New Talent Additions/Changes

Numerous new talents were added to the spec tree while also shifting a handful of nodes around and adding new connections. Most of these were net positives (baseline Starfall, new connections, and crit scaling especially), but I want to point out some items that may benefit from continued iteration.

Circle of Life and Death:

  • This talent was upgraded into Cosmic Rapidity in Dragonflight to reduce excessive globals spent dotting, which disrupted our rotation. Reintroducing this talent alongside Cosmic Rapidity seems redundant and reintroduces previous negative gameplay issues. Maintaining dots in large AOE packs is already a concern after the nerf of Aetherial Kindling from 4 seconds to 3, and this talent would exacerbate the problem.
  • Side Note: It’s unclear if this is intentional, but the talent currently seems to reduce the dot extension of Aetherial Kindling further, possibly due to quirks in Starfall’s coding. This was not the case in Dragonflight.

Wild Mushrooms/Sunseeker Mushrooms:

  • This node offers a choice between the current active, Wild Mushrooms, and a passive iteration that reduces complexity. However, Wild Mushrooms have consistently provided low damage, and neither the charges nor the new passive RPPM version scales with haste.

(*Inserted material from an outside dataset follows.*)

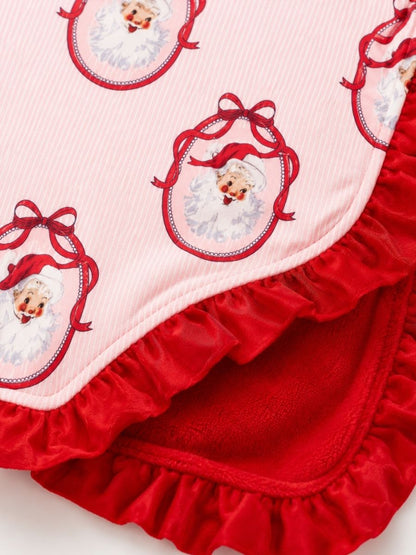 Pink Nutcracker Christmas minky baby blanket with vintage Santa print, soft red plush backing, and elegant ruffle trim.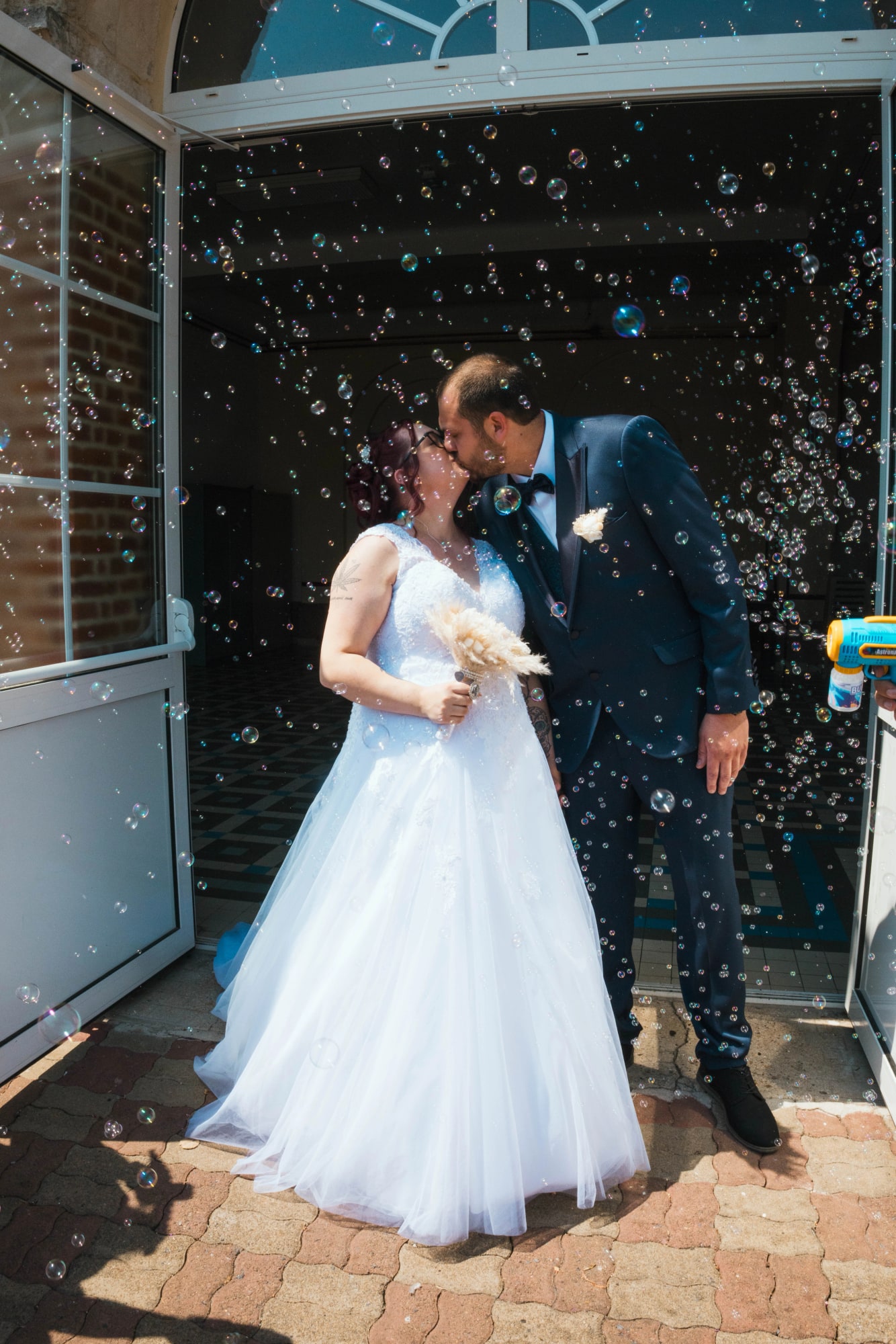 Angélique et Antoine s'embrassent sous une pluie de bulles à la sortie, mariage au Buironfosse (Aisne), par Jean-Baptiste Argyre (Jaysphotography)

Their sole purpose has been to activate Waning Twilight, but Smolder now fulfills that role in all content. It would be well received to have Mushrooms be relevant again especially in Mythic Plus.

2-Point Nodes:

  • Some 2-point nodes were reduced to 1 point, and talents were rearranged. While the continued reduction of 2 pointers is definitely moving in the right direction, issues remain with the 2-point nodes for Starlord, Cosmic Rapidity, and Balance of All Things, which limit build diversity by restricting access to key nodes and forcing specific paths.

General Positioning/Pathing:

  • The added connections are fantastic and continued improvement of talent positioning and pathing could enhance build diversity by allowing access to synergistic talents without requiring paths through conflicting ones. For example, Starweaver, which could be a gameplay defining talent, loses value for every point that is forced to be spent on increasing the power of generator GCDs.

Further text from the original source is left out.